# 8 lb pork butt at 170 IT after just 4 hours



## miklman3477 (Nov 13, 2016)

So I am smoking 2 boneless pork butts from Costco for a total weight of 15 lbs. I'm not sure of the exact size of each but one is slightly larger.
Anyhow this is my 3rd time using a gas grill as an indirect smoker and this time I decided to use a meat thermometer to try and gauge the temp to get to 225, thermometer must've been not too accurate reading air temp because after just 4 hours, I went to stick the meat and it's reading 170 already!.
I still have 12 hours til the meat was supposed to be done but it looks like it will be done in 4.... my other concern is the pork coming out dry from cooking too fast.
I turned the temp way down on my gas grill and so far the butts have dropped about 10 degrees to 160. Any advice on what can be done to save this meat? Is it already too late and is it gonna be dry?


----------



## gr0uch0 (Nov 13, 2016)

How long have they been on, and did you calibrate your thermometer in boiling water?


----------



## miklman3477 (Nov 13, 2016)

No I did not calibrate it. They have been on 8 hours now and holding steady at 160. Hopefully I can keep it in the stall for a while.


----------



## SmokinAl (Nov 13, 2016)

This is pretty normal.

They get up to the 160-170 range real fast then stall or start to slow down.
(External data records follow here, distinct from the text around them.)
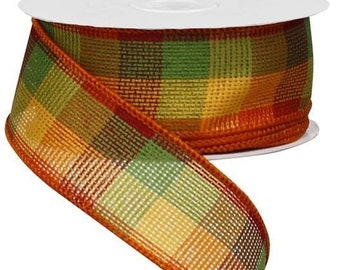 May include: A spool of decorative ribbon with a plaid pattern in shades of green, yellow, and orange. The ribbon has a wired edge in a darker orange color. The ribbon is ideal for crafts, gift wrapping, and seasonal decorations.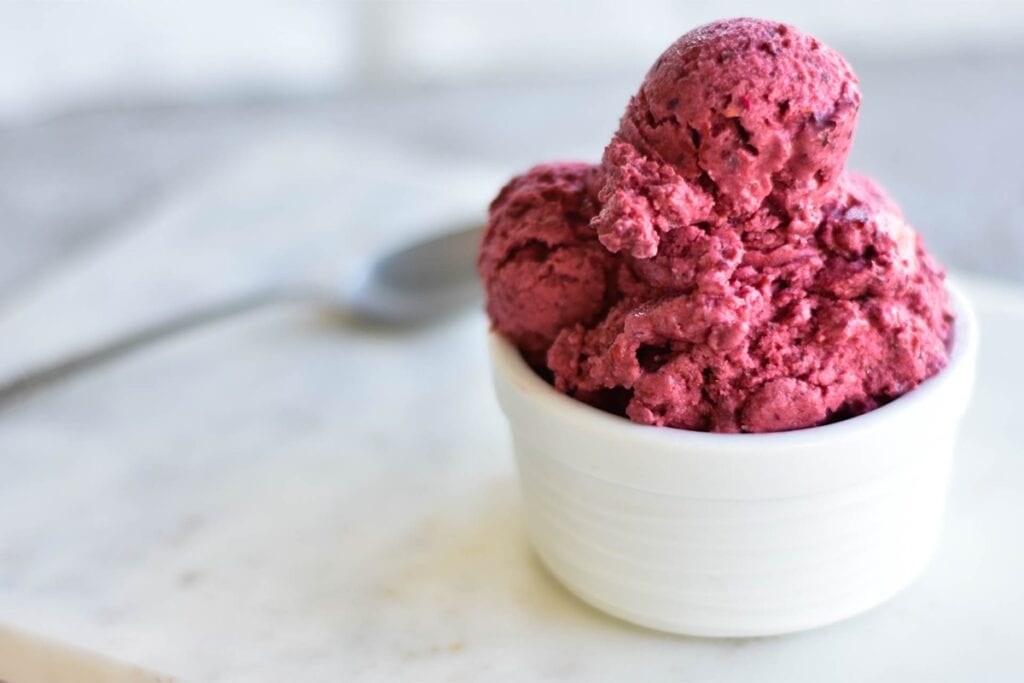 Paleo coconut berry ice cream with spoon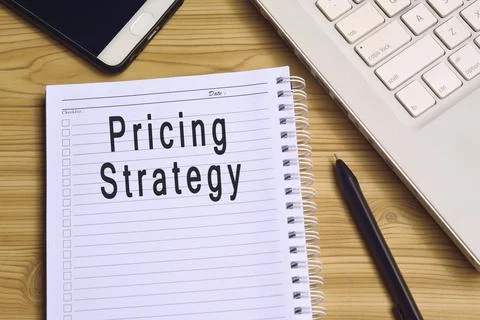 Pricing strategy label on notepad with laptop and smartphone Stock Photos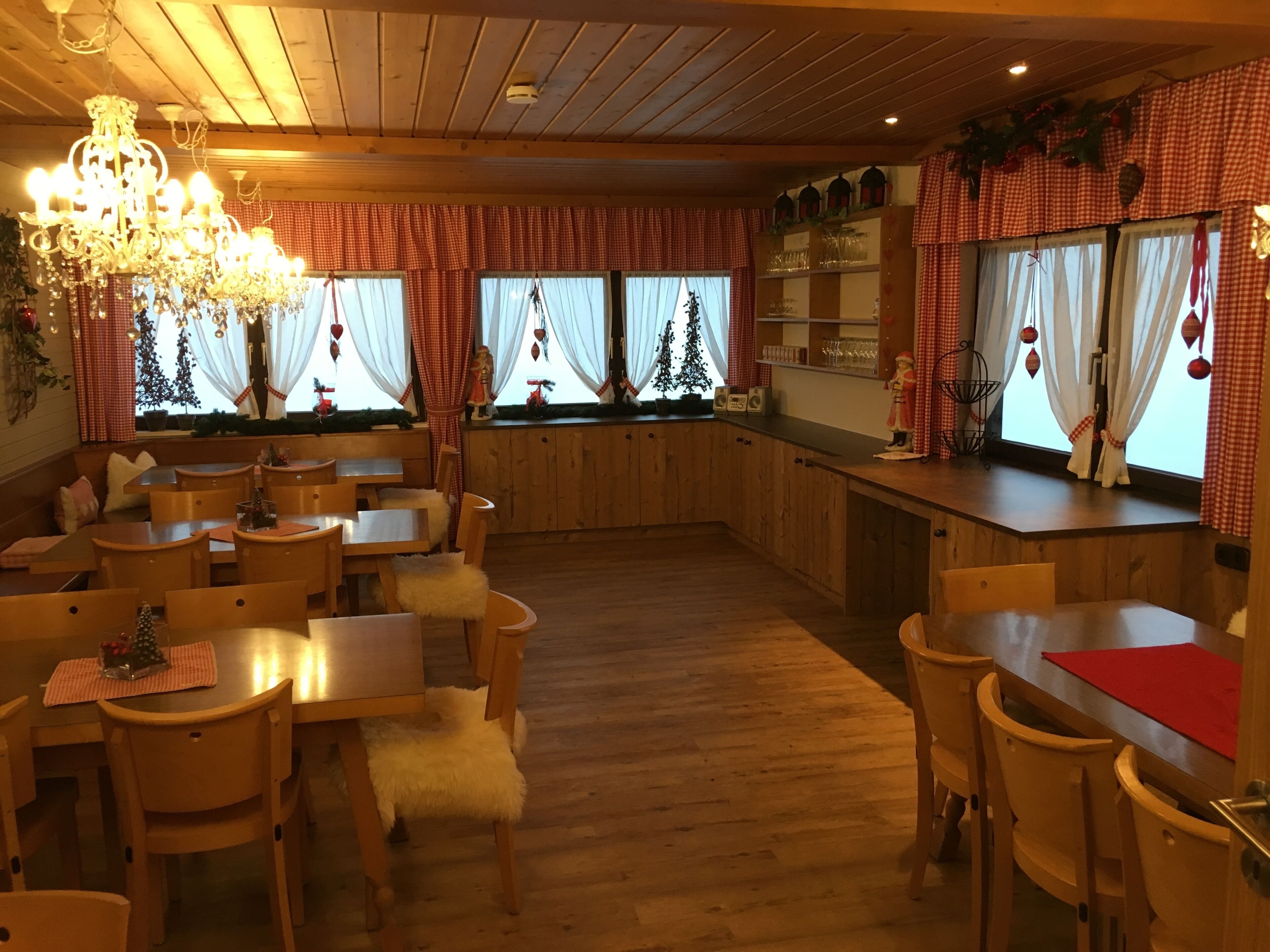Un restaurant chaleureux, avec des meubles en bois, un lustre et des décorations festives.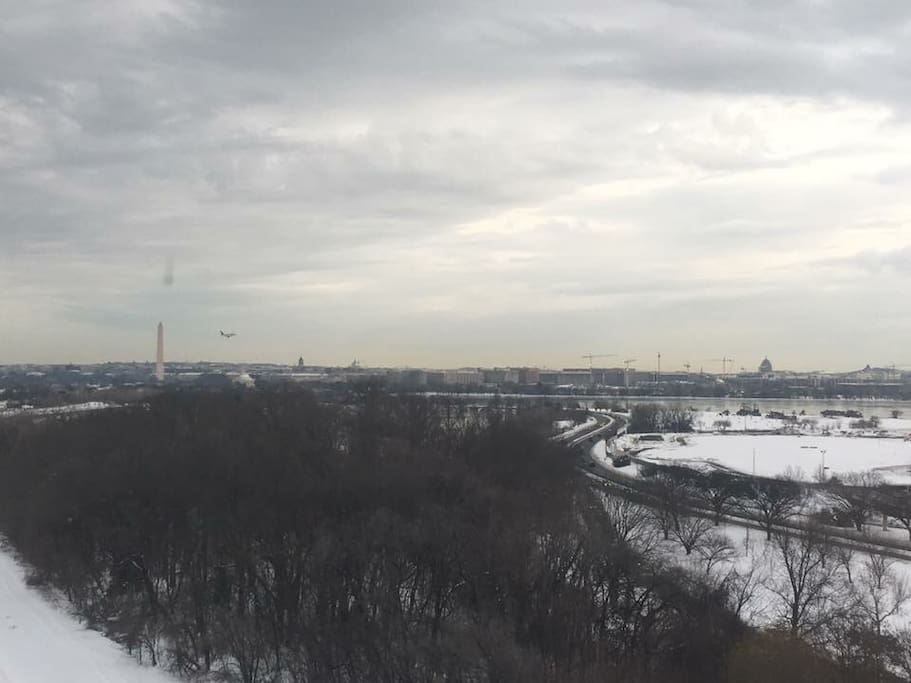 Even if the weather turns, the view is still gorgeous and you're close enough to walk to National and catch your flight. (Don't worry! Triple pane glass keeps the apartment super quiet!)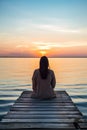 lonely woman sitting on wooden pier at lake or sea, serenity and calmness, solitude concept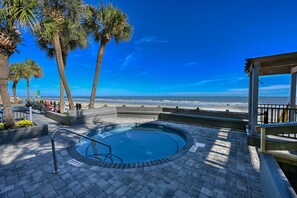 Relax by the serene pool surrounded by palm trees and a tranquil beach.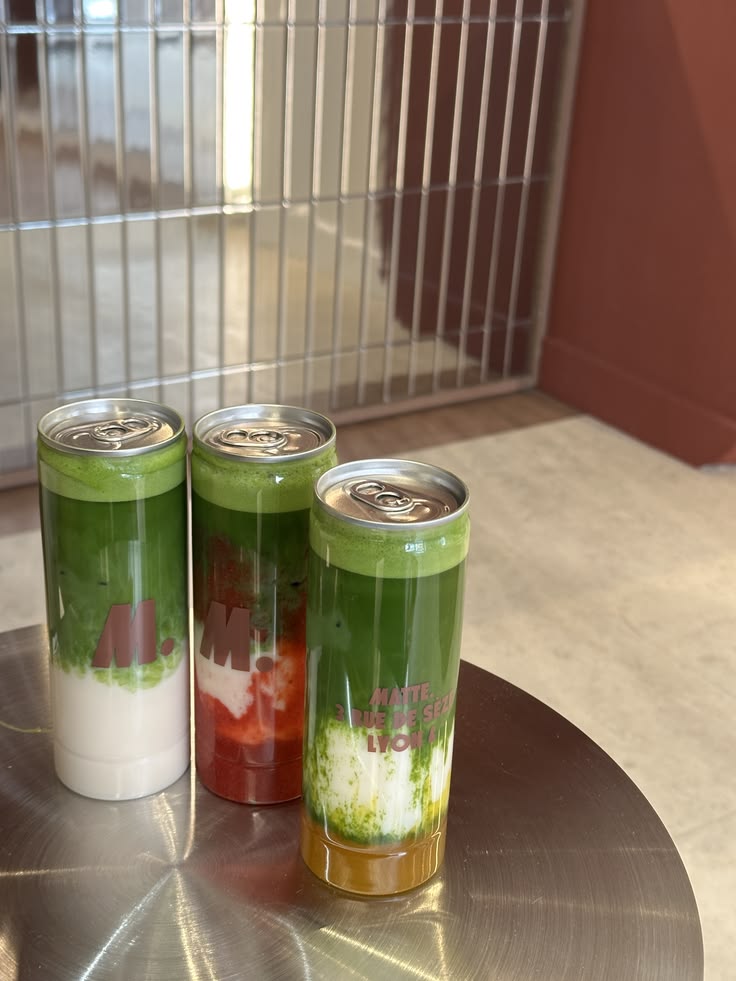 Three colourful branded cans of matcha, strawberry and orange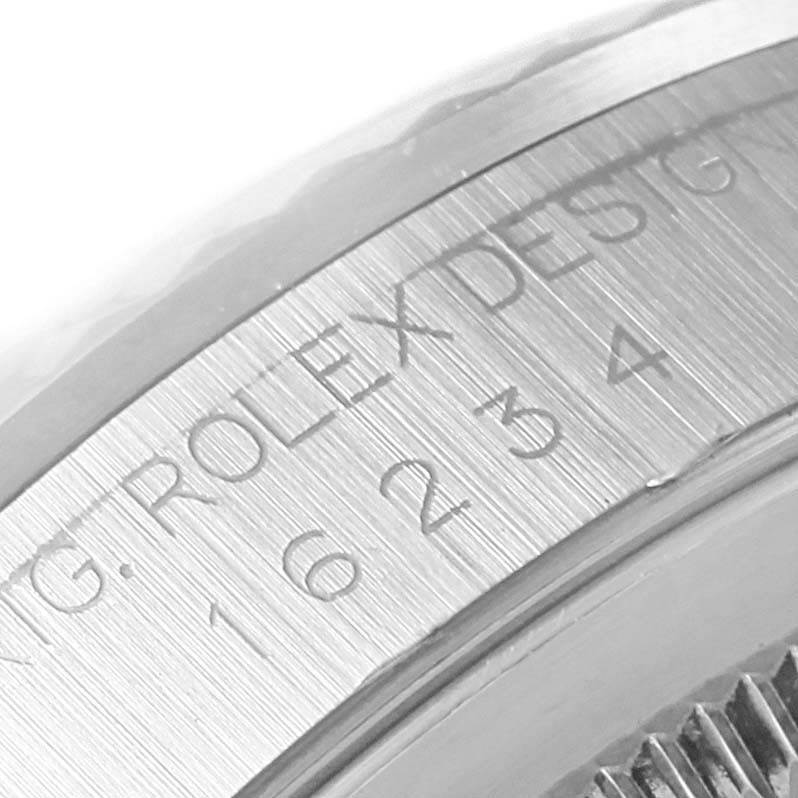 This close-up image shows part of the case with engraved text on the inner bezel of a Rolex Datejust 16234 Men's Stainless Steel Black Dial 16234 Men's Stainless Steel Black Dial watch.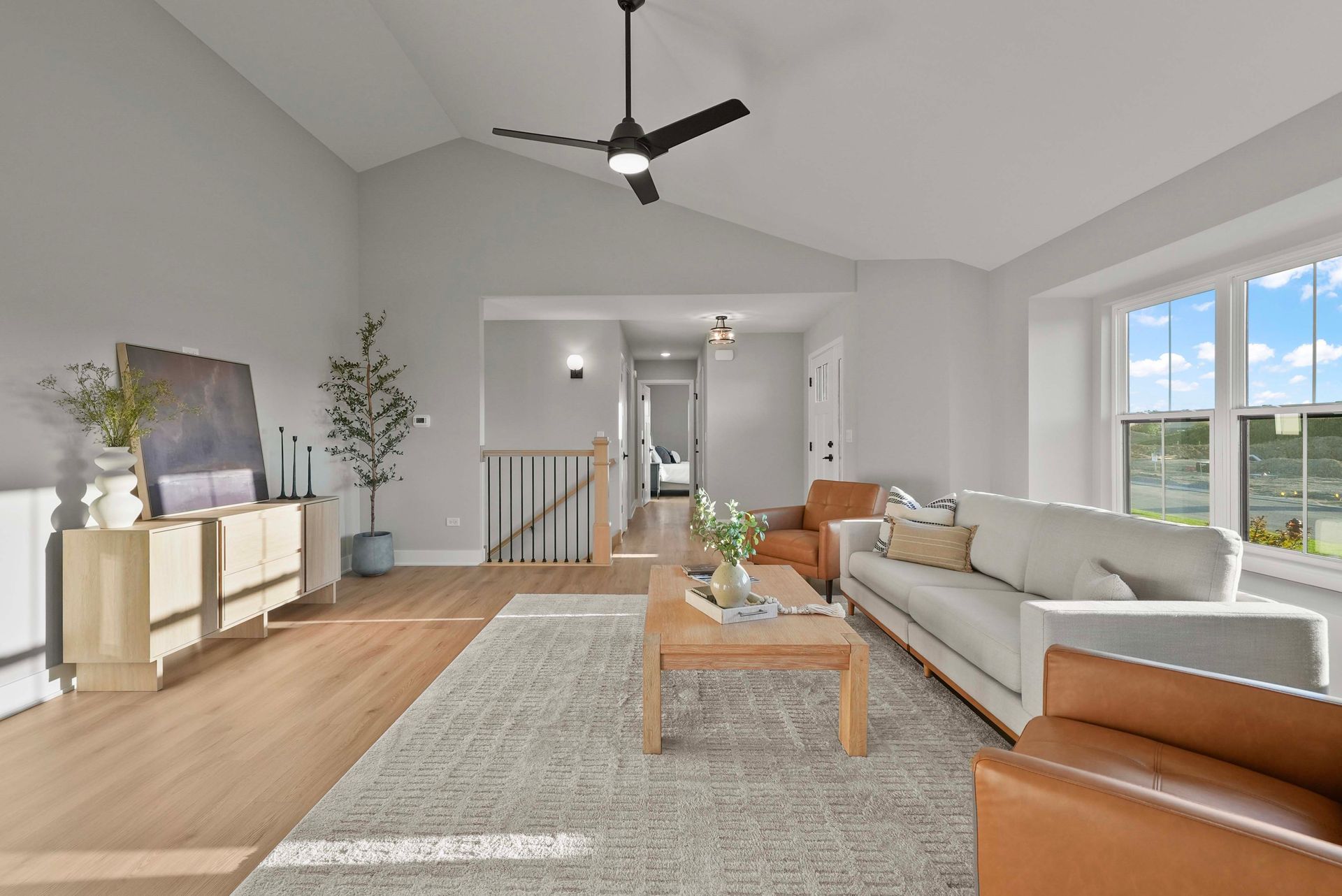 Bright modern living room with gray sofa, tan chairs, rug, wood floor, and large windows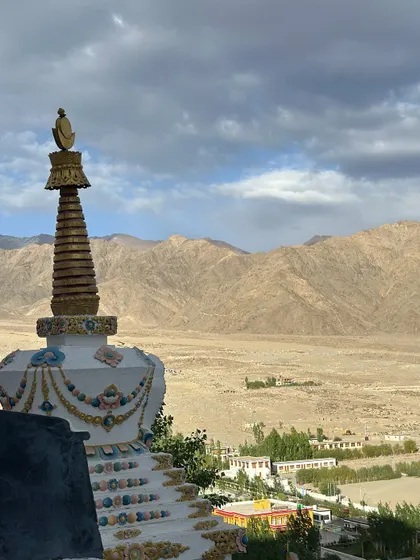 A stupa overlooking the vast, arid landscape of Ladakh. These structures are points of immense peace and spiritual energy, perfect for a moment of quiet meditation.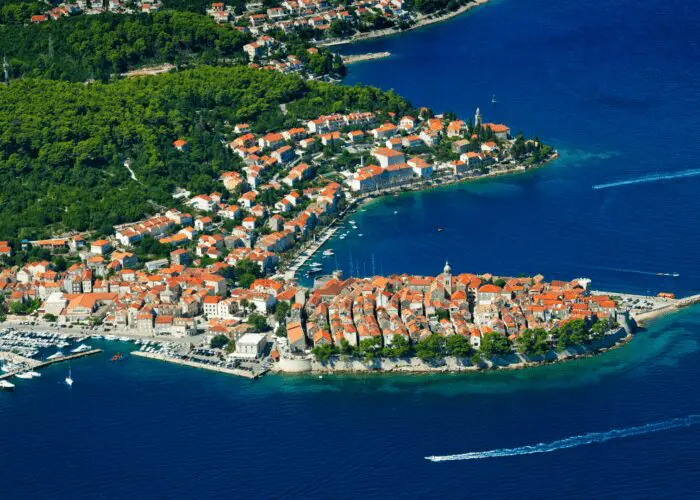 An island with buildings and trees in the water, offering stunning views of Korčula in the background, perfect for day trips or private boat tours from Dubrovnik.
If they get done too soon you can keep them in a 170 degree oven wrapped in foil for hours until you are ready to pull them.

Al


----------



## seenred (Nov 13, 2016)

Hello miklman,

First off, I'm not sure why you believe if it cooks fast it'll be dry.  Not true.  If you cook it until it reaches an internal temp (IT) of 200-205*, it will be tender and moist.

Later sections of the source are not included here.